In other words, Nathaniel Taggart and the Taggart Transcontinental are fictions based on myth. 

The self-made man, who not only receives no aid but must constantly battle the weak and stupid people around him, is also not what American business history looks like. Pamela Walker Laird’s Pull picks apart this myth, exploring the many ways in which self-made men like Ben Franklin and Andrew Carnegie actually benefited from the aid of others.

Henry Ford’s “invention of the automated assembly line” depended on the work of Charles Sorensen, Walter Flanders, Clarence Avery, and Ed Martin. Edison worked with the mathematician Francis Upton to develop his version of a light bulb. Mc Donalds is the result of both the McDonald’s brothers’ vision of a fast food restaurant and Ray Kroc’s vision of how far it could be taken.

The story of Ellis Wyatt, who “had discovered some way to revive exhausted oil wells and he had proceeded to revive them” is illustrative.
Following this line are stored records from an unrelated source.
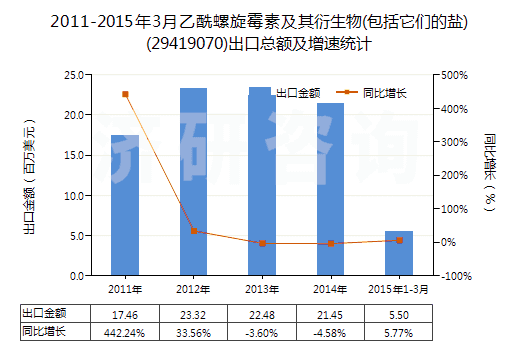 2011-2015年3月乙酰螺旋霉素及其衍生物(包括它們的鹽)(29419070)出口總額及增速統(tǒng)計(jì)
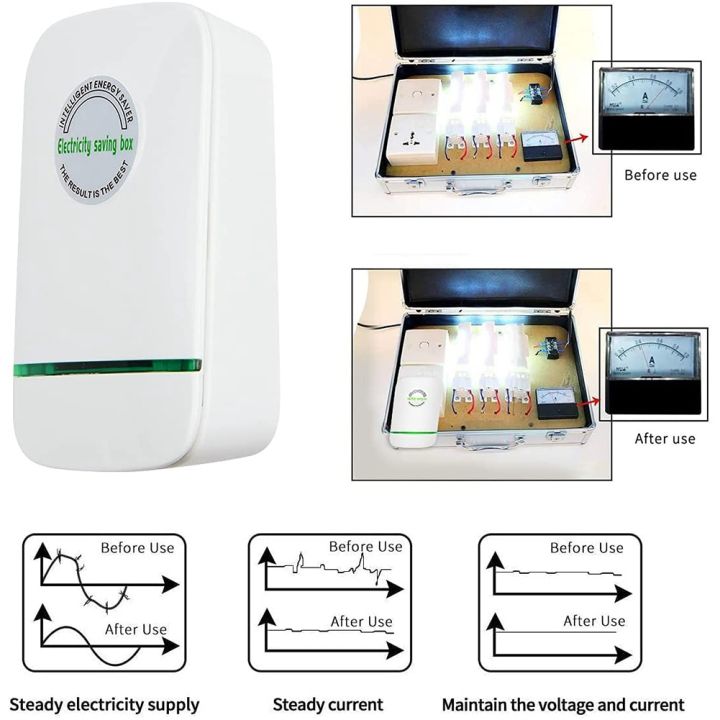 2PCS%20Power%20Save,%20Energy%20Saver,%20Electricity%20Saving%20Box%20Household%20Office%20Market%20Device%20Electric%20Smart%20US%20Plug%20-%20Image%205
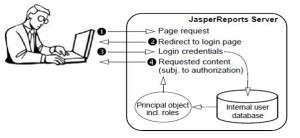 internal_Auth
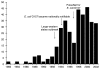 FIGURE 3-3. Reported outbreaks of E. coli O157 infections, United States, 1982–2002.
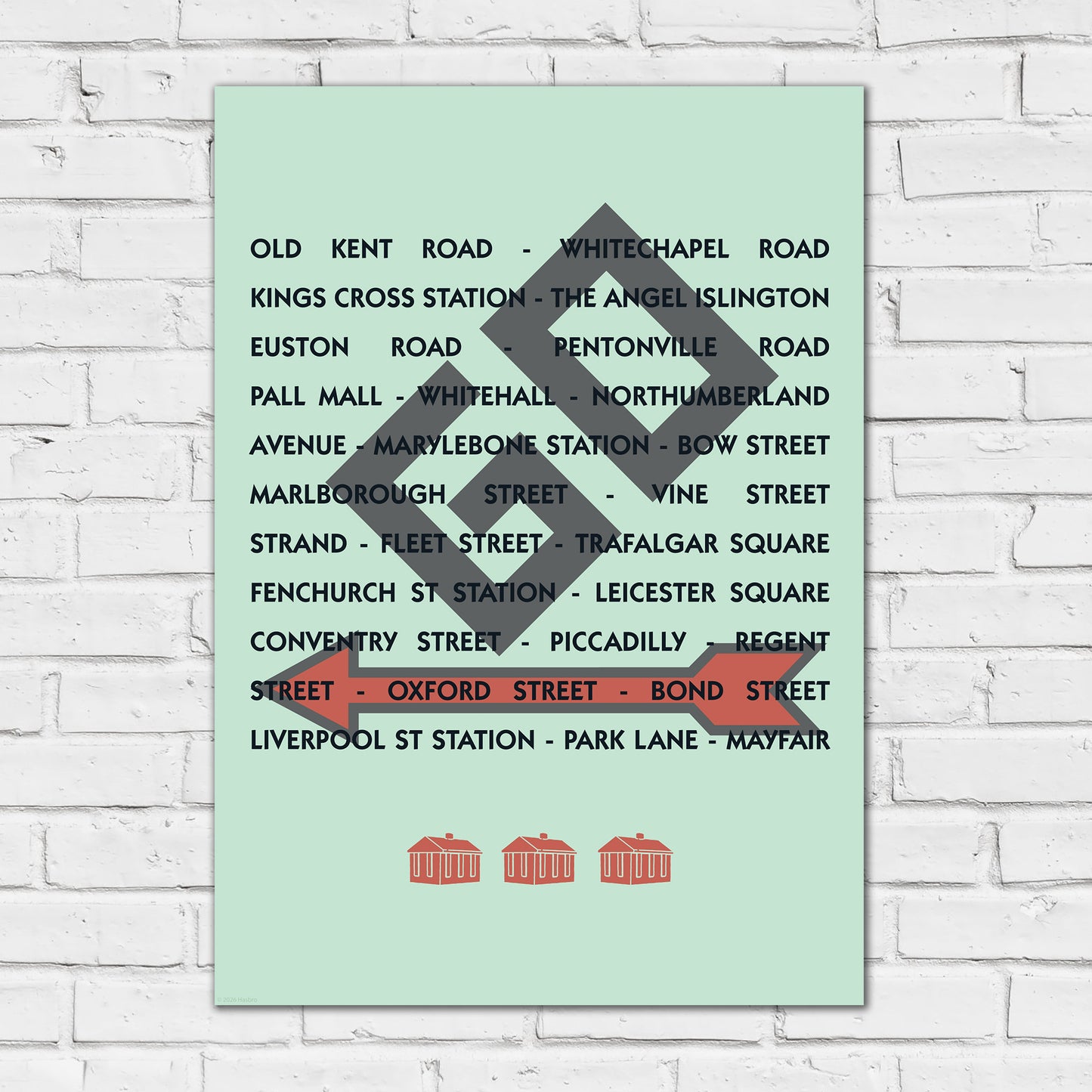 Monopoly Print - Property Spaces GO Poster Wall Art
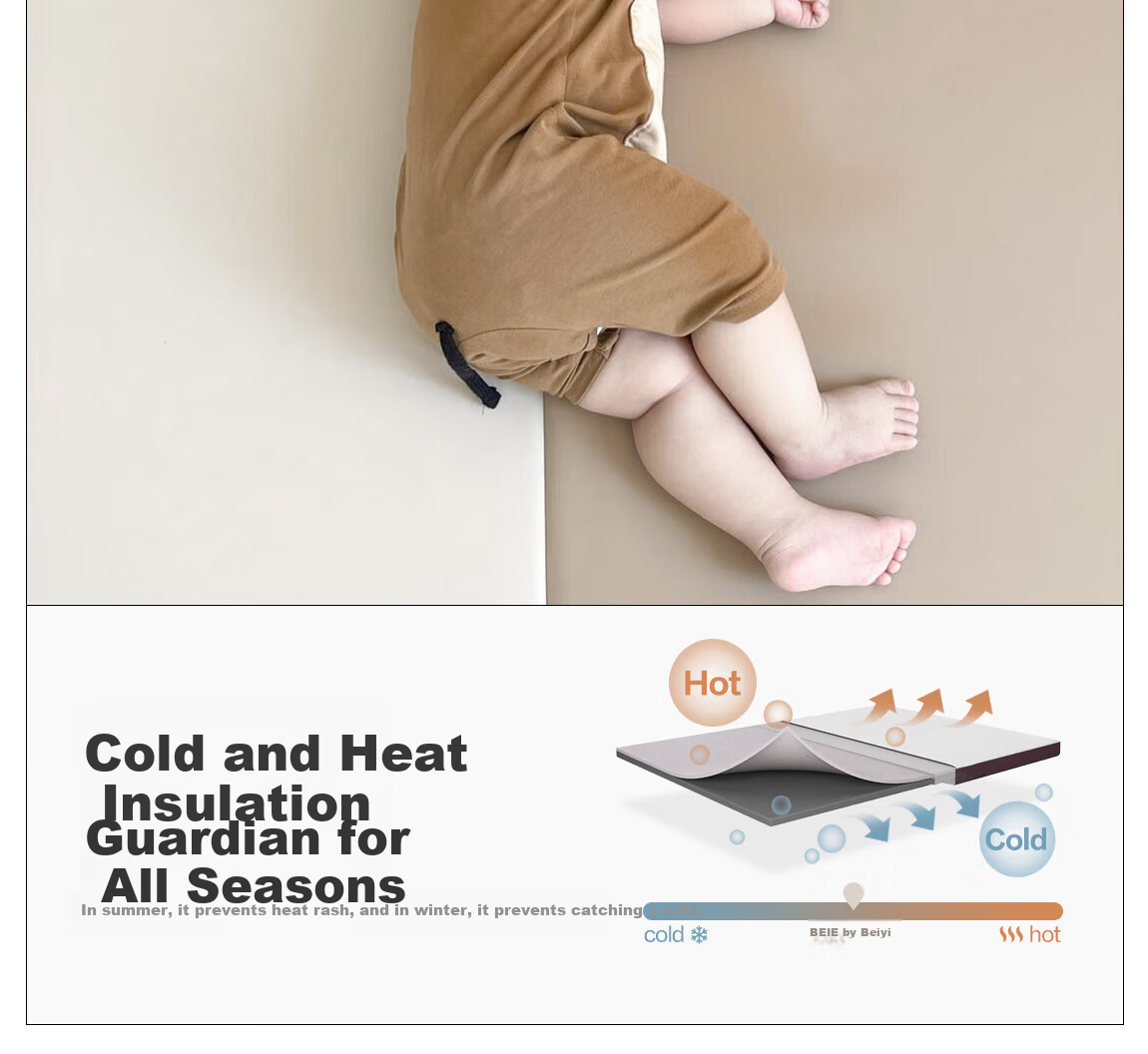 Детский игровой коврик Beiyi Baby, утолщенный, противоскользящий, складной, материал IXPE, 180*200*4 см
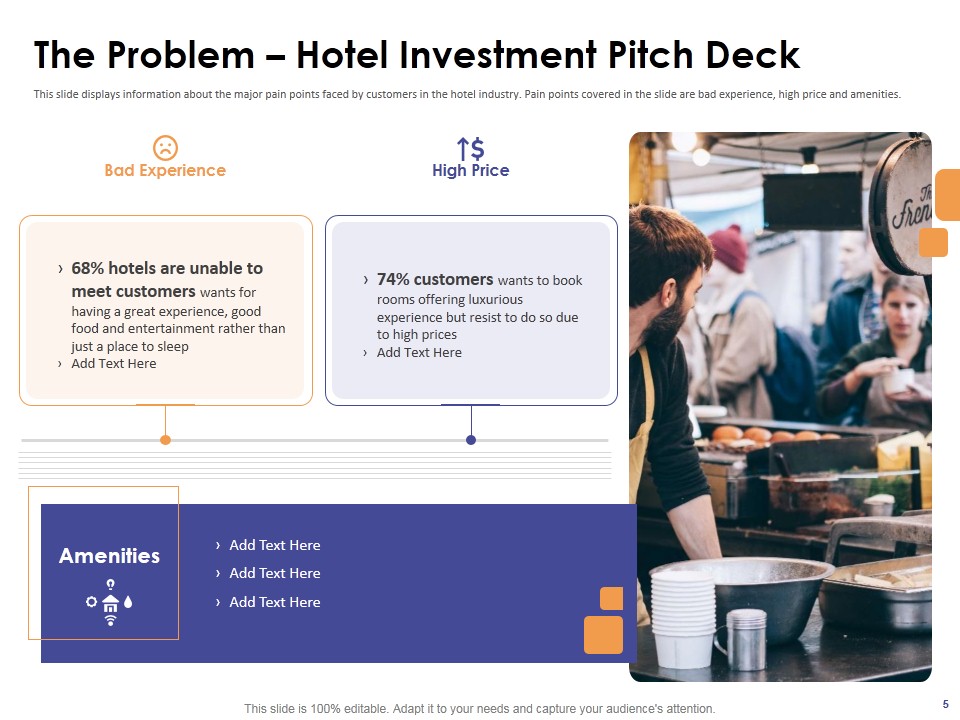 Hotel Funding Pitch Deck Hotel Funding Pitch Deck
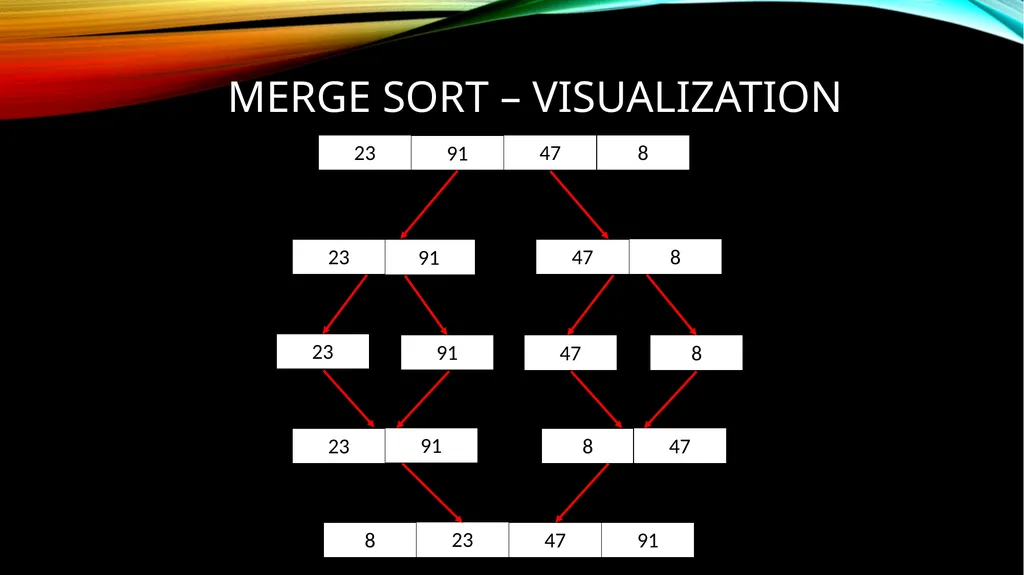 SORTING OVERVIEW 1) Why do we need sorting - slide 10 of 17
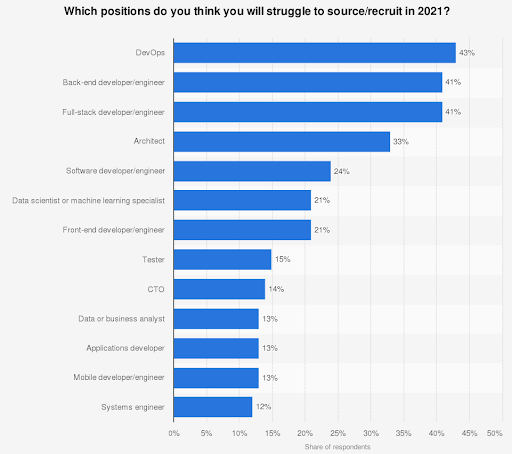 Graph of positions recruited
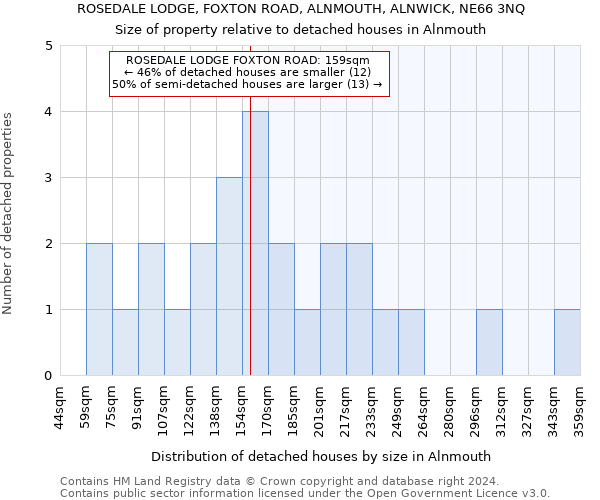 ROSEDALE LODGE, FOXTON ROAD, ALNMOUTH, ALNWICK, NE66 3NQ: Size of property relative to detached houses in Alnmouth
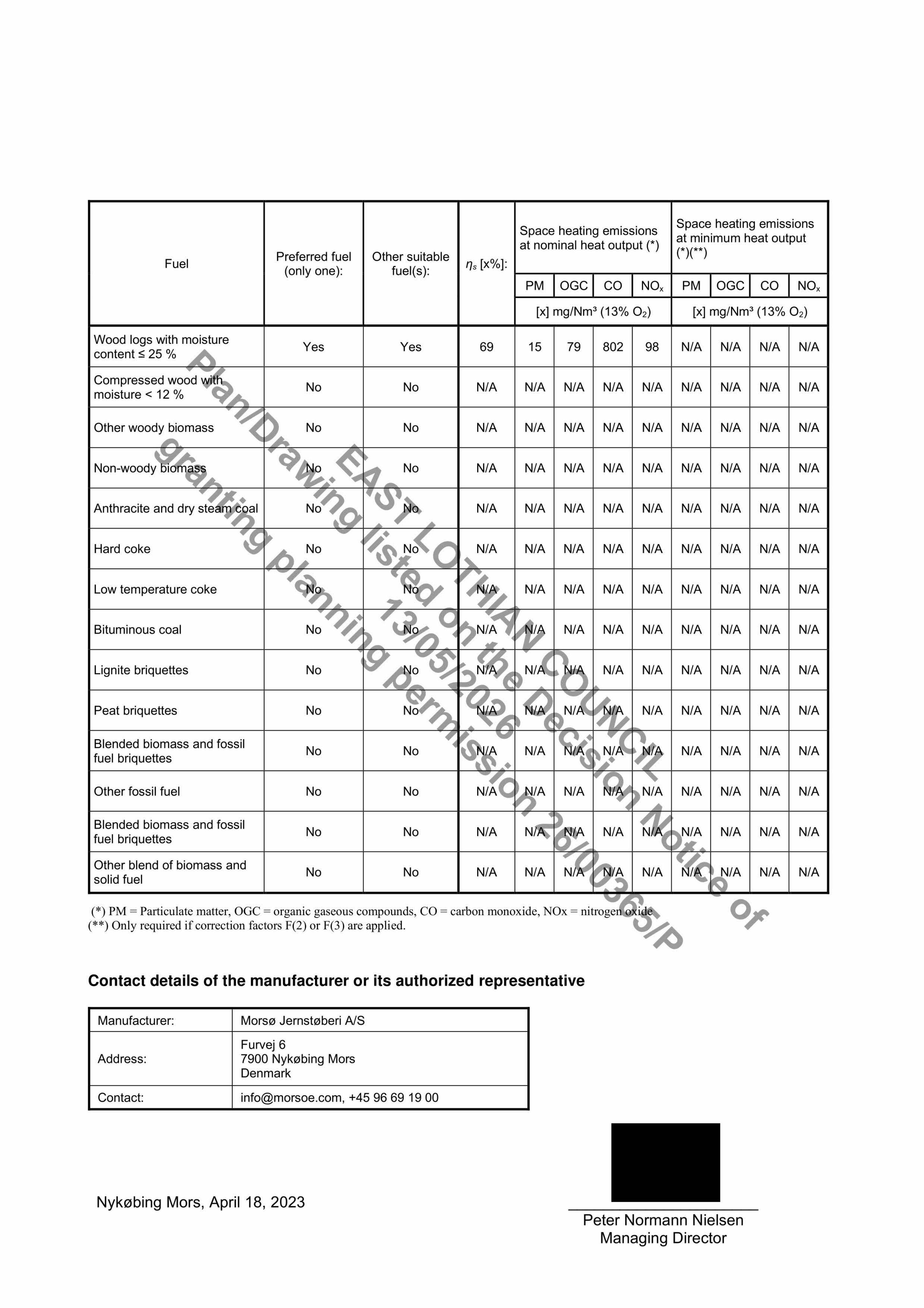 Planning document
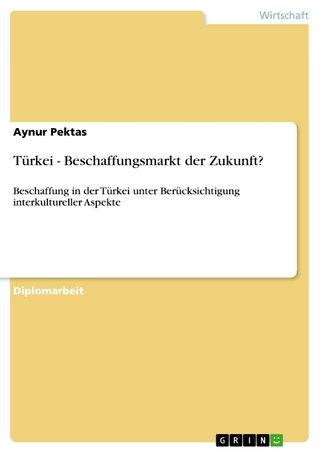 Türkei - Beschaffungsmarkt der Zukunft? - Aynur Pektas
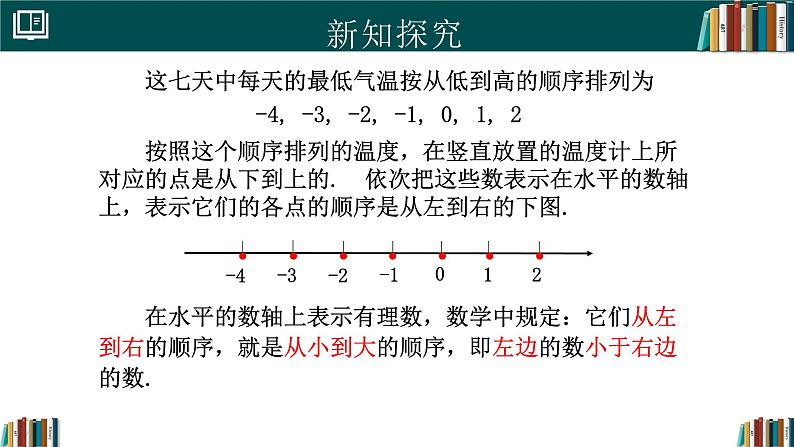 7.2有理数的大小比较（同步课件）-2024-2025学年六年级数学下册（人教版五四制2024）第5页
In Rand’s imagination an entire region was revitalized and “One man had done it, and he had done it in eight years.” The process of getting oil out of places that people had thought it impractical if not impossible sounds a lot like fracking. In reality, many people played a role in developing fracking. In 2006, the Society of Petroleum Engineers honored nine people as pioneers in the development of fracking.

To be clear, I do believe that what Schumpeter referred to as the creative response is central to economic growth and development. And I believe that an open access society in which people are generally allowed to pursue these creative actions is likely to be most conducive to human welfare. I am, after all, and economist. I like voluntary exchange in markets and I think people respond to incentives. I just don't believe in the sort of philosophy that regards whatever someone earns as "the fruits of their labor" as if the amount of fruit that you get in life doesn't depend crucially on the society your were born into and you place in it, things that have nothing to do with your labor.    I don't see evidence that the creative response the creative response is the result of a select group of great people struggling against the ignorant and ignoble masses who seek to hold them back. My reading of history suggests  that these creative people depend upon both the help of others, their society, and an effective government. 

But why should I be concerned about an inaccurate picture of business history in a work of fiction? I'll just leave you with this quote. “Any refusal to recognize reality, for any reason whatever, has disastrous consequences.”